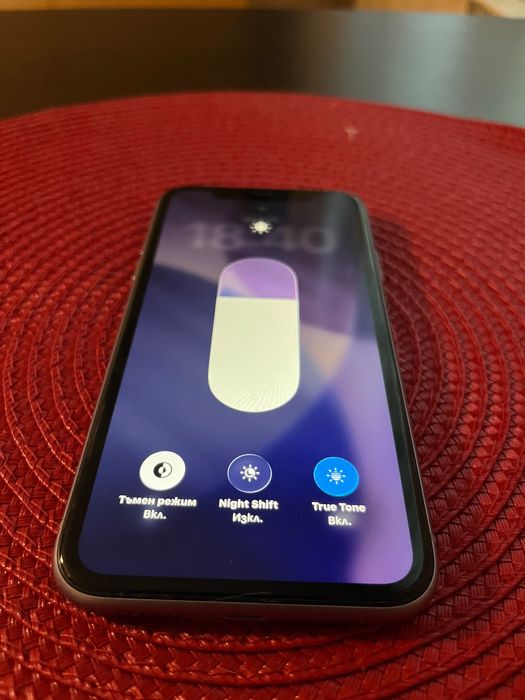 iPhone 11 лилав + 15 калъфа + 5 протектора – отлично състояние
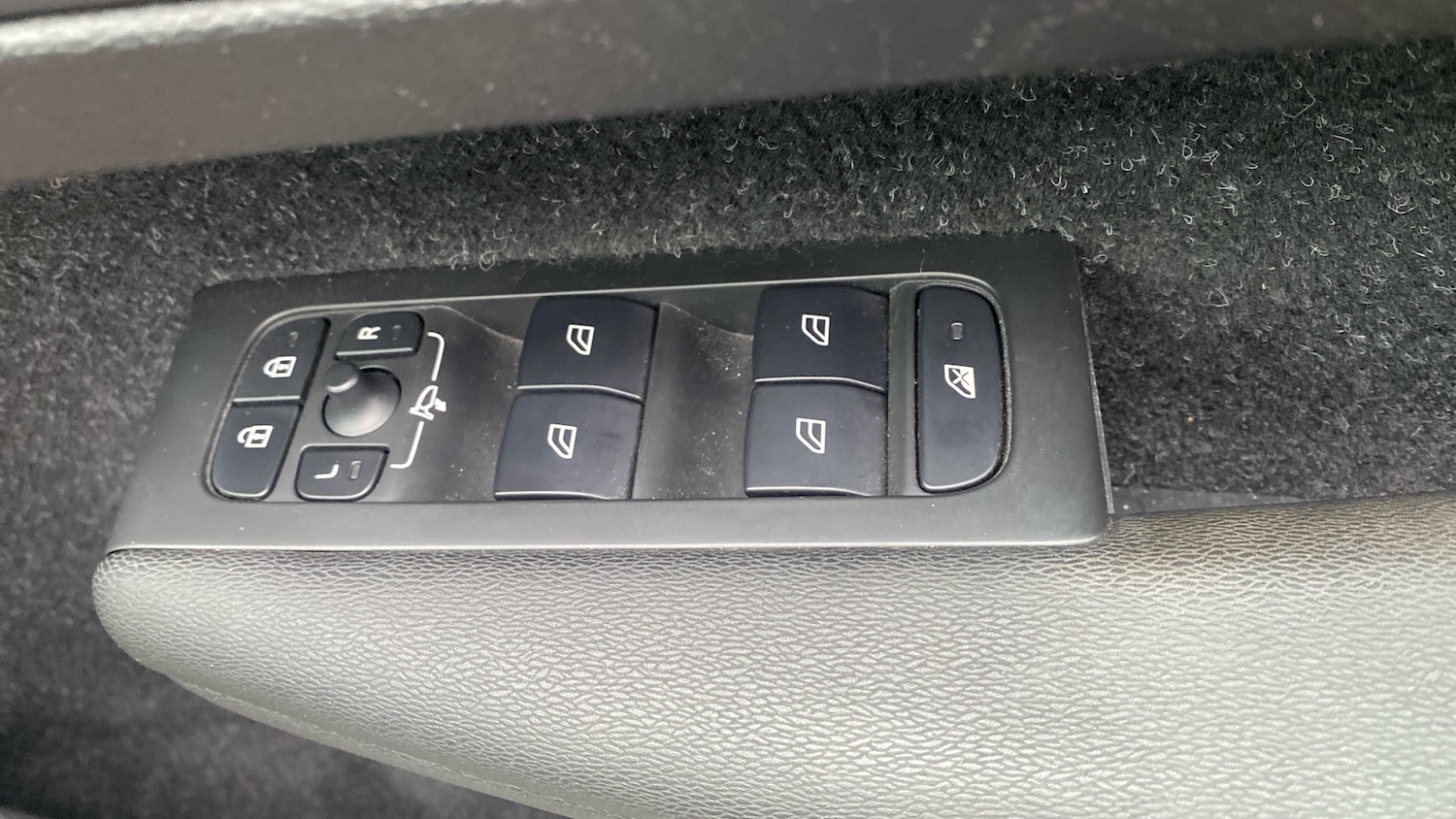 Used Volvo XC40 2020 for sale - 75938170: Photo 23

---

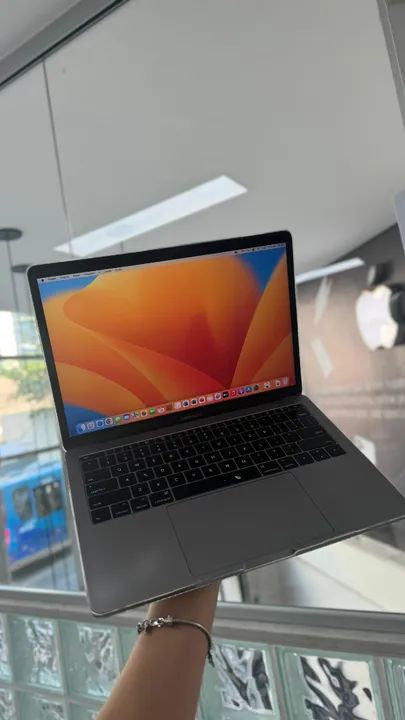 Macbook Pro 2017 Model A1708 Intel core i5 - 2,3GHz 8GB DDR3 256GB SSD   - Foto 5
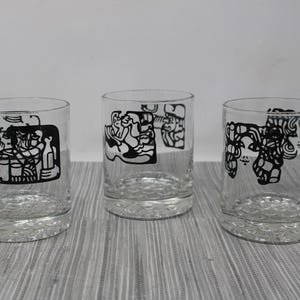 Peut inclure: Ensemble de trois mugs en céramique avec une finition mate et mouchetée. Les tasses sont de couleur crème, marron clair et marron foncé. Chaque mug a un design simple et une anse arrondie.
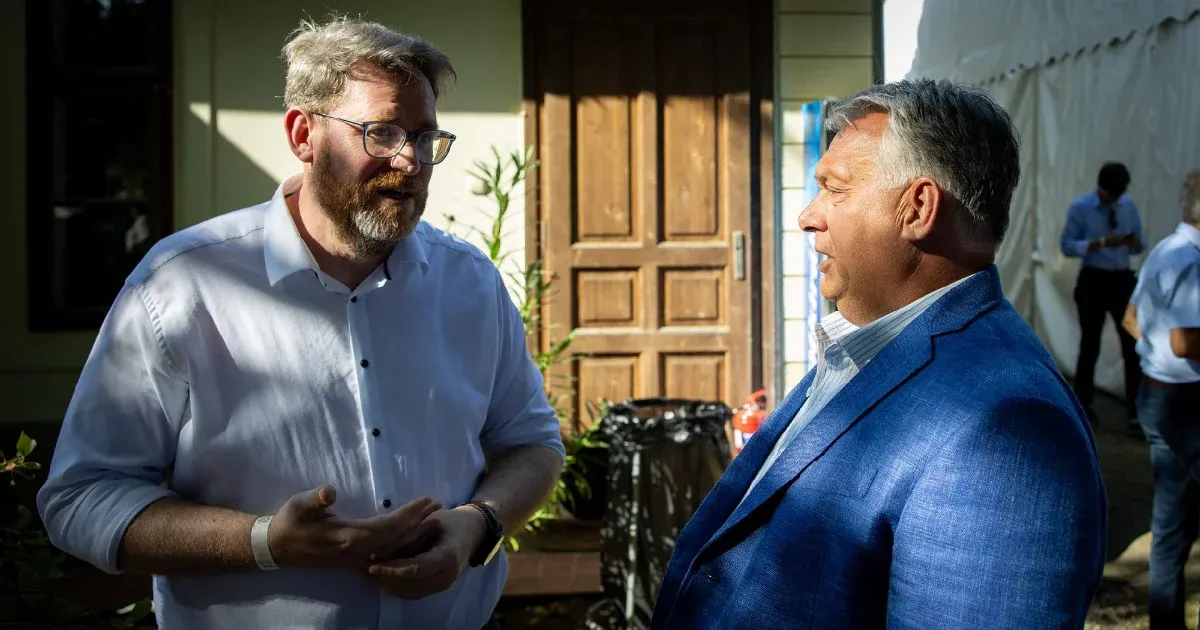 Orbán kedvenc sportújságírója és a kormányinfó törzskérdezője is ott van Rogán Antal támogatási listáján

WHAT YOU HAVE TO DO:
Above are the records; return the lines in them from the one with "Peut inclure: Ensemble" to the one with "Orbán kedvenc sportújságírója", inclusive, exactly and without images.

YOUR SOLUTION:
 Peut inclure: Ensemble de trois mugs en céramique avec une finition mate et mouchetée. Les tasses sont de couleur crème, marron clair et marron foncé. Chaque mug a un design simple et une anse arrondie.
 Orbán kedvenc sportújságírója és a kormányinfó törzskérdezője is ott van Rogán Antal támogatási listáján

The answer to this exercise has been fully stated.